Last week, Sawbill Lake was almost frozen over. The official criterion for freeze-up is when the lake is more than 90% frozen. Sawbill got close to that, but then reopened over the weekend. Two young men appeared on Friday evening and proposed going out on a canoe trip. However, they accepted our strong recommendation to stay in the campground and take day trips into the wilderness, to avoid being frozen in. When they did venture out on Saturday and Sunday, they found most of the bays frozen and weren't able to paddle very far in any direction.
In the past, the lakes used to freeze pretty reliably right around the first of November. The first time we were able to paddle on Thanksgiving was in the late '80s. At that time, the old-timers around here said that they had never seen the lakes freeze that late. Since then, it has become a fairly routine phenomenon. In 1975 or '76, we actually had below zero temperatures in October and the ice on Sawbill was 6" thick on Oct. 26 when a van pulled up to the canoe landing with two canoes on top. We skated over to chat with the surprised canoeists. I remember the party leader protesting that the lakes were still open in Minneapolis.
Sometime in the '90s, we had a party get frozen in on Cherokee Lake. Cherokee was still open, but when they headed back toward Sawbill, they found Cherokee Creek too thick to paddle and too thin to walk. They returned to their campsite and waited for rescue. When they were a day overdue, we contacted the sheriff, who asked the Forest Service to send their Beaver float plane over to take a look. The campers efficiently signaled S-O-S to the plane, so the pilot landed and taxied to their campsite. He informed the group that the route to Brule Lake was open and if they paddled there, he would call Sawbill Outfitters to come pick them up. They refused that option in favor of being flown out immediately. The pilot said he would only fly them out if they agreed to pay for the flight and left ASAP without their canoes and camping equipment. For some reason, they chose this more expensive, inconvenient option.

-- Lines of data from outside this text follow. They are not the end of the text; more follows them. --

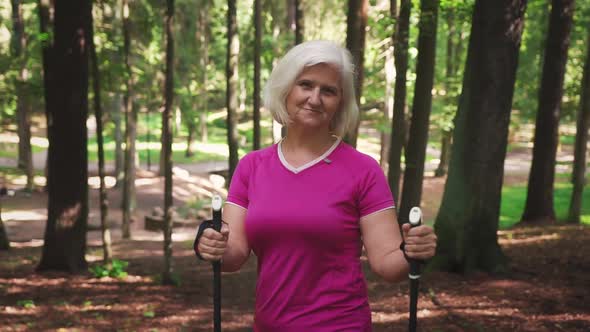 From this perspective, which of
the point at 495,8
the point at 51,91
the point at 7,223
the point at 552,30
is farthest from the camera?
the point at 7,223

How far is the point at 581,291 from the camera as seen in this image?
7738 millimetres

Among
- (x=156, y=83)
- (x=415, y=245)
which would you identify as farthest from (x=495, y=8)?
(x=156, y=83)

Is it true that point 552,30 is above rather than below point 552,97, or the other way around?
above

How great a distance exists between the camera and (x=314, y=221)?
2496 mm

Two months later, Steve Schug, from Schroeder, went in with the Forest Service dog team and retrieved the canoes and equipment. He was able to get everything in one trip by loading the gear in the plastic canoes and dragging them behind the dog sled, which worked surprisingly well. In the two months that the gear had been alone in the wilderness, it had been ravaged by rodents and pine martens. I called the party leader and we worked out a deal for me to bring the gear to his office during a routine trip down to the Twin Cities. His office turned out to be high in the IDS tower in the heart of downtown Minneapolis. When the elevator doors opened, I was greeted by an opulent reception room and a glamorous and decorous receptionist. She eyed my pile of stinky, semi-thawed camping gear with open disdain. As I explained my business with her boss, I mentioned that it was entirely possible that small rodents were hibernating within the gear and might wake up as they warmed. She told me firmly to put the gear in her boss' office and shut the door - tight. That's the last I ever heard of it, but it's entirely possible that distant descendants of Cherokee Lake mice are still living high in the IDS tower.
This is the time of year when we all pause to count our blessings and think about what we are thankful for. I am thankful for all the people who chose to support WTIP in the recent membership drive. I'm even more thankful for WTIP itself and the wonderful asset it has become for our community. In many ways, WTIP is representative of all that is good in our little corner of the world. There are literally too many good people, doing too many good things, to list in this limited time. Life is surely a balance of joy with sadness, but I am profoundly grateful to be part of a community where people live in dignified fellowship with each other and with nature.